Note: As of TA 6.3, Hadoop libraries are not included with TA. Instead, we provide a Maven script (POM.xml) to install the required libraries.
If you do not already have Maven, you must download and install it. Obtain the POM.xml file from the folder/directory named "Hadoop" in the CD and run the file script to download the required Hadoop client libraries.
Note: The instructions here are for Windows.
Installing Maven
Note: If you do not have Maven installed, follow the instructions below.
Maven Prerequisites
-
JDK is installed.
-
JAVA_HOME environment variable is set and pointed to your JDK.
To download and install Maven:
-
Download maven 3 or above from https://maven.apache.org/download.cgi.
-
Unzip apache-maven-<3 or above>-bin.zip.
-
Add the bin directory of the created directory (for example, apache-maven-3.3.9) to the PATH environment variable
-
Confirm a successful Maven installation by running the mvn -v command in a new shell.
Downloading the Hadoop Client Library
With Maven installed, you can now download the Hadoop client library.
Maven scripts (POM.xml) are provided for these distributions of Hadoop:
Hadoop Distribution Type |
Versions |
---|---|
Cloudera |
CDH5 |
Hortonworks |
HDP 2.4.x |
MapR |
5.1.0 |
Note: Refer the TA Compatibility Matrix for the most current version information.
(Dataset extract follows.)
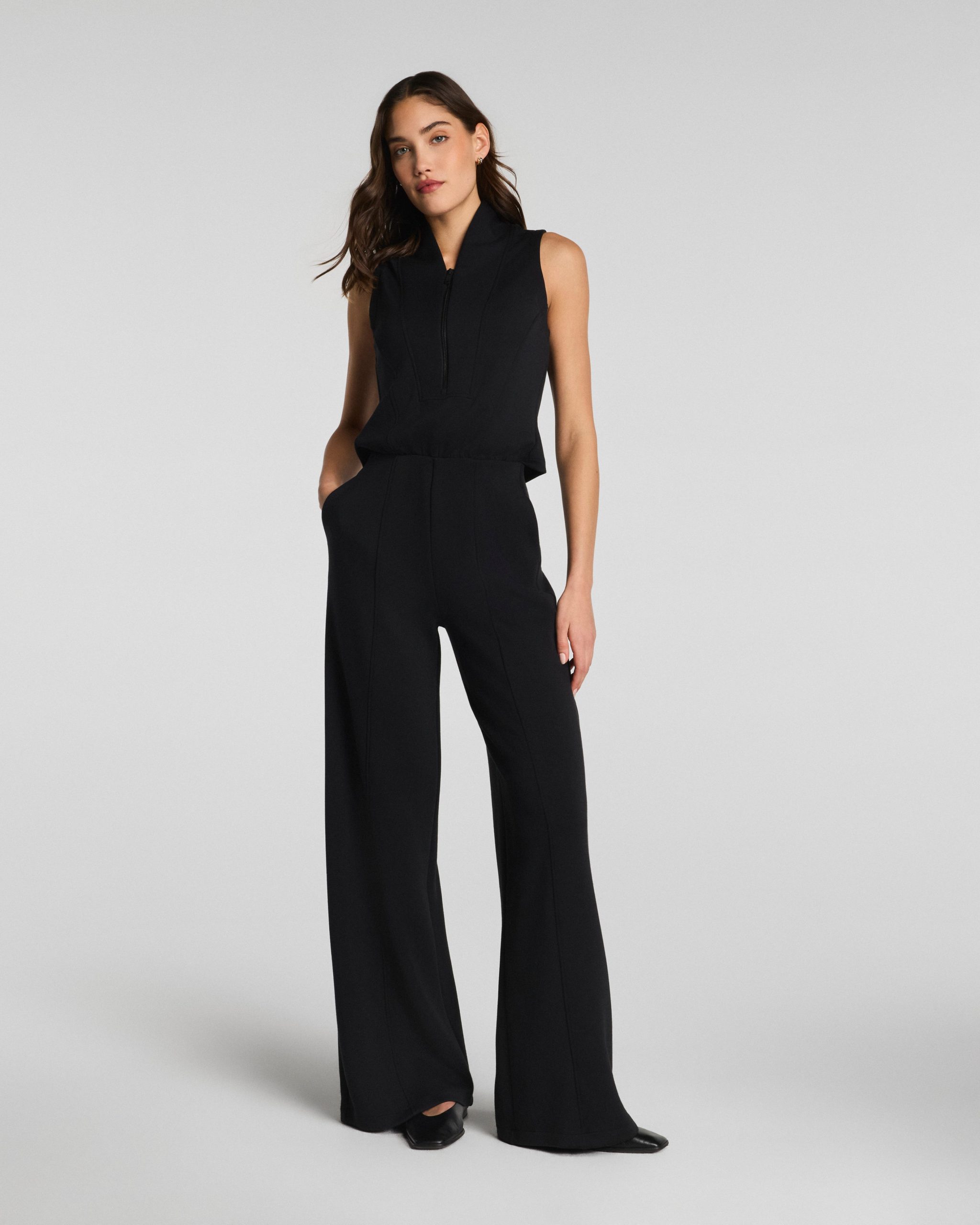 SPANX AirEssentials? Shawl Collar Half Zip Jumpsuit | Very Black - Image 3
To download and install the Hadoop client library:
-
Download the POM.zip file. This file is provided in the /Hadoop directory in the TA 6.3 distribution package.
-
Unzip the POM.zip.
The POM xml files needed by Maven are saved in the directory structure shown here:
-
Open a Windows command prompt and navigate to the directory for the Hadoop distribution in which you are interested.
Example: Navigate to the CDH directory if you want to download Hadoop client libraries for Cloudera.
-
Edit the POM.xml file to mention exact versions of MapR, Hadoop, Hive, and Sqoop that you are using. For Cloudera the required properties could be edited as shown below:
<properties>
<Hadoop.version>2.6.0-cdh5.6.0</Hadoop.version>
<Hive.version>1.1.0-cdh5.7.0</Hive.version>
<Sqoop.version>1.4.6-cdh5.6.0</Sqoop.version>
</properties>
For MapR it is also necessary to mention the version of MapR used, as shown here:
<properties>
<Hadoop.version>2.7.0-mapr-1602</Hadoop.version>
<Hive.version>1.2.0-mapr-1605</Hive.version>
<Sqoop.version>1.4.6-mapr-1601</Sqoop.version>
<Mapr.version>5.1.0-mapr</Mapr.version>
</properties>
-
Execute this command from the directory containing the Hadoop distribution you want:
mvn dependency:copy-dependencies -DoutputDirectory=<directory to which you want to download the jars>
Example: Running this command from the CDH directory: mvn dependency:copy-dependencies -DoutputDirectory=C:\CDHlib would insert the Cloudera Hadoop client libraries to the “C:\CDHlib” directory.